By the linearity of expectations, we have

\mathbb{E}\left[\mathrm{tr}(\Delta_{\nu,\mathrm{I}_{d}}^{k})\right]=(2\nu)^{-k/2}\,\mathrm{tr}\left(\mathbb{E}[(\mathbb{Y}-\nu\,\mathrm{I}_{d})^{k}]\right),\quad\text{for any }k\in\mathbb{N}.

(98)

The conclusion follows. ∎

We can also estimate the moments of Lemma 1 on various events. The lemma below is used to estimate the $\asymp\nu^{-1/2}$ errors in (86) of the proof of Theorem 6.

Lemma 2.

Let $\nu>d-1$ and $\mathbb{S}\in\mathcal{S}_{++}^{\hskip 0.85358ptd}$ be given, and let $A\in\mathscr{B}(\mathbb{R}^{d})$ be a Borel set.

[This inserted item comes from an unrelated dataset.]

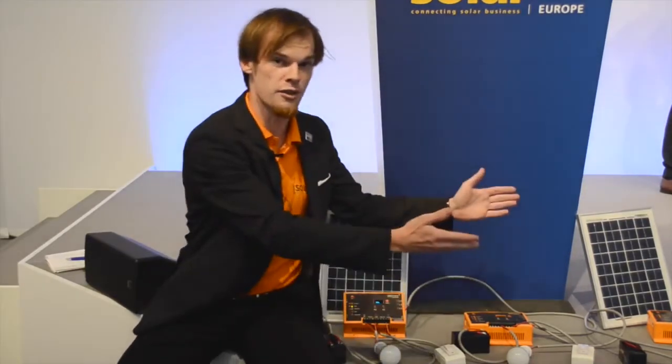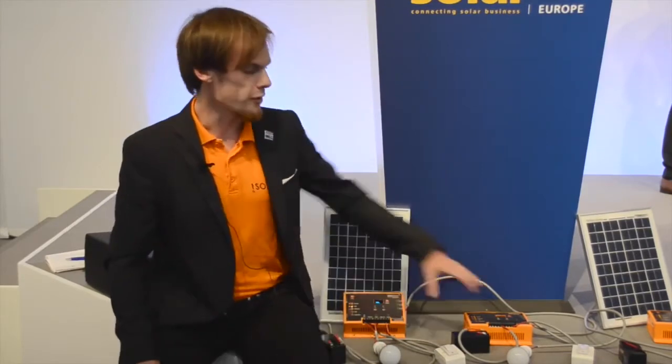Jetzt haben wir die Möglichkeit, in unserem Spannetz aus unserem Solshare-Grid über die Solboxen Strom im ganzen Dorf zu verteilen und so eine Balance zwischen Angebot und Nachfrage über das ganze Dorf auszugleichen.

If $\mathbb{X}\sim\mathrm{Wishart}_{d}(\nu,\mathbb{S})$ according to (3), then, for $\nu$ large enough,

	$\displaystyle\left\|\mathbb{E}\left[\mathrm{tr}(\Delta_{\nu,\mathbb{S}})\mathds{1}_{\{\boldsymbol{\lambda}(\Delta_{\nu,\mathbb{S}})\in A\}}\right]\right\|\leq d^{\hskip 0.85358pt3/2}\,\left(\mathbb{P}\left(\boldsymbol{\lambda}(\Delta_{\nu,\mathbb{S}})\in A^{c}\right)\right)^{1/2},$		(99)
	$\displaystyle\left\|\mathbb{E}\left[\mathrm{tr}(\Delta_{\nu,\mathbb{S}}^{3})\mathds{1}_{\{\boldsymbol{\lambda}(\Delta_{\nu,\mathbb{S}})\in A\}}\right]-\nu^{-1/2}\cdot\frac{d(d^{\hskip 0.85358pt2}+3\hskip 0.85358ptd+4)}{2\sqrt{2}}\right\|\leq 3\hskip 0.85358ptd^{\hskip 0.85358pt5/2}\,\left(\mathbb{P}\left(\boldsymbol{\lambda}(\Delta_{\nu,\mathbb{S}})\in A^{c}\right)\right)^{1/4},$		(100)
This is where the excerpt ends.